**PROBLEM STATEMENT**
Please print nothing but the lines from the one containing "GLZ21TR UL-00001702 Лампа" to the final line below, exactly, and no pictures.

**DATA**
-.-.-
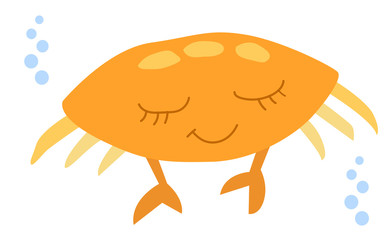 Sea life. Vector illustration. Cute orange crab. Colored Underwater world, marine animals. Isolated on white background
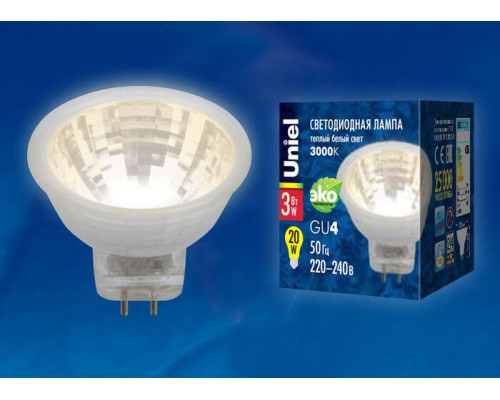 Лампа светодиодная Uniel GU4 3W 3000K прозрачная LED-MR11-3W/WW/GU4/220V GLZ21TR UL-00001702 Лампа светодиодная Uniel GU4 3W 3000K прозрачная LED-MR11-3W/WW/GU4/220V GLZ21TR UL-00001702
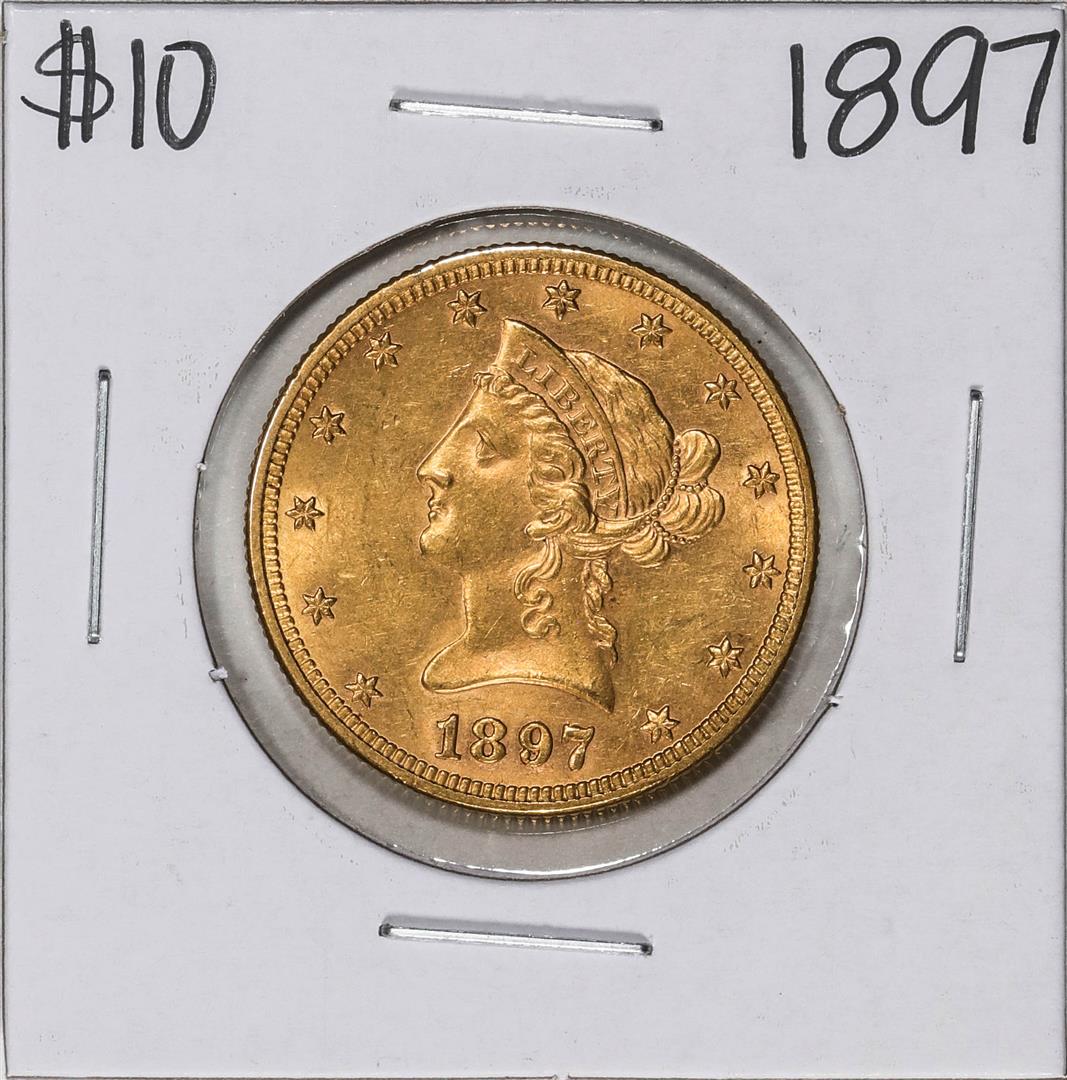 1897 $10 Liberty Head Eagle Gold Coin: One 1897 $10 Liberty Head Eagle Gold Coin.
-.-.-
**OUTPUT FOR THIS EXERCISE**
 Лампа светодиодная Uniel GU4 3W 3000K прозрачная LED-MR11-3W/WW/GU4/220V GLZ21TR UL-00001702 Лампа светодиодная Uniel GU4 3W 3000K прозрачная LED-MR11-3W/WW/GU4/220V GLZ21TR UL-00001702
 1897 $10 Liberty Head Eagle Gold Coin: One 1897 $10 Liberty Head Eagle Gold Coin.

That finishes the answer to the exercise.